Discussion in 'Classic Muppets' started by BobThePizzaBoy, Jul 16, 2009.

  1. BobThePizzaBoy Well-Known Member

    I was thinking about this. According to Box Office Mojo MFSmade only $16.6 million and EIG only made $11.6 million. Just for comparison Thomas and the Magic Railroad made $15.9 million, Barney's Great Adventure made $12.2 million playing in a lot less theaters than EIG and Doug's 1st Movie made $19.4 mllion and Jonah: A VeggieTales Movie made $25.8 million. I thought that the Muppets and Sesame Street had way more appeal with audiences and more notability than those shows. Can anyone explain what happened?
  2. RedPiggy Well-Known Member

    Personally, I didn't see all that much wrong with MFS (didn't ever see the other one ... took me awhile to figure out what the acronym was LOL). I would guess, though, that turning Gonzo from a whatever to an alien really ticked people off.
  3. frogboy4 Inactive Member

    My idea - the films just weren't as good as the legacy

    Personally I didn't like MFS. It's a better video than a theatrical film. There was so much promise, but the final piece had the Muppet cast appearing to be bored and doing very little. We know now this was a choice from the director (the same one as the eventual Garfield films). Love or hate MFS, we can all agree that the Muppets deserve the best and that just wasn't it. Sony and Henson seemed to acknowledge the film was a bomb when they yanked it from release very quickly. It ultimately had a healthy home video life. MFS bombed because it was by design the least Muppety of the 6 films. No original musical numbers, very little snappy dialogue and a lot less magic = box office flop. It caused the pubic to perceive the Muppets in an identity crisis and they were dismissed as being no longer relevant for many years. They really should have stayed with the original writers and director.

    Elmo in Grouchland flopped because parents were less willing to pay for something kids can see everyday for free and classic fans don’t connect with Elmo as we do with other characters. Oscar in Grouchland might have played better. In fact – Oscar was sorely missing most of the time considering this was a Grouch-themed movie. It also wasn’t as well-written as the average special or SS episode. This came out around the time of MFS.

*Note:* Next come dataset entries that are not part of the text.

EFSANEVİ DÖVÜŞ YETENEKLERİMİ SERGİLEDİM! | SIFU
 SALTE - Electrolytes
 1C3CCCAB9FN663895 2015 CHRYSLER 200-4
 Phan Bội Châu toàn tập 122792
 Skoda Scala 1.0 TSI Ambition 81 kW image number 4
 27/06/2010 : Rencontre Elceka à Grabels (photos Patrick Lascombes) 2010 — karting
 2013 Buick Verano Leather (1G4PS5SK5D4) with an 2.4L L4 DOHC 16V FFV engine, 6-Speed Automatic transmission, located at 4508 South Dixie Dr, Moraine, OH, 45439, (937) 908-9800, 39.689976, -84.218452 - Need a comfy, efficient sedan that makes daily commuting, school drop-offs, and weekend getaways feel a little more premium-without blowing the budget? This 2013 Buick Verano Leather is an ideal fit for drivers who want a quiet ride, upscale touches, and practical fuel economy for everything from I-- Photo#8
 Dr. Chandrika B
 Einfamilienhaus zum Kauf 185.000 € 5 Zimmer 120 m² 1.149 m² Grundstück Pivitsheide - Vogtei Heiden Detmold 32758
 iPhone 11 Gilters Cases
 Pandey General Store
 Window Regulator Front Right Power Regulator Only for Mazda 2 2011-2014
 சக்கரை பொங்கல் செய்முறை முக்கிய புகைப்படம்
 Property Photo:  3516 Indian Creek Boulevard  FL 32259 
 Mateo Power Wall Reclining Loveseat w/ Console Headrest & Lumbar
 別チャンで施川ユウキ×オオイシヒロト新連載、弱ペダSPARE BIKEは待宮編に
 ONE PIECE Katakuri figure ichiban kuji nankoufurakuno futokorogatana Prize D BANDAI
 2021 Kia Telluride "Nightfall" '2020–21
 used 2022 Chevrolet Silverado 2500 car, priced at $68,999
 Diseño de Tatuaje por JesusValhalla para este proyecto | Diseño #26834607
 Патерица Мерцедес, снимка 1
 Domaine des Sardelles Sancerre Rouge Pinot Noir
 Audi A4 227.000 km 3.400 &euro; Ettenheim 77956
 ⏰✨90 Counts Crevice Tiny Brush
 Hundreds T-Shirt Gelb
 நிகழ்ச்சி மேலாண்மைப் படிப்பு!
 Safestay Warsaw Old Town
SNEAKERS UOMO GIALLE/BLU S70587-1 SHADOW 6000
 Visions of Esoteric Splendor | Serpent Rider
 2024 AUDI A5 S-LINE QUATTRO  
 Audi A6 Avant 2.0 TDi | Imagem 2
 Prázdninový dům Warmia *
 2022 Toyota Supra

    Ultimately both films weren’t up to snuff and the creative teams behind them seemed to know that. Both had marketing pushes, but audiences didn’t catch on so to save box office embarrassment they quickly went to video. That’s my reasoning. I hope future films learn from the mistakes of these films – don’t forsake what made you famous and hide it in the background. Push the unique classic Muppet freakiness up front and fans will come in droves.
  4. heralde Well-Known Member

    MFS may have not have done well at the box office (and I personally think it had problems), but for reason some reason there always seems to be more copies of it in the stores than the other films. And last time I checked, it's the only Muppet movie on Hulu. Like the movie or not, I think it's a shame that it seems to get more attention than the original three films.
  5. dwayne1115 Well-Known Member

    you can find all of the Muppet movie on youtube
  6. heralde Well-Known Member

    Yeah but I mean as far as the official company releases, there seem to be this need to push MFS more than the others.
  7. frogboy4 Inactive Member

    It's the latest release and doesn't look as dated (or have a period-look) as previous releases. That's likely why it's pushed the most. That and it's not a Disney release. It's Sony like MTM (the second most pushed Muppet film these days).
  8. Beauregard Well-Known Member

    Muppets From Space came out in theatres when Space Movies were really huge (I don't know the exact date, but I remember associating it with Space Jam and Star Wars Phantom Menace? Am I right about that?) And for that reason, it seemed a little bit of a sell-out even before it began.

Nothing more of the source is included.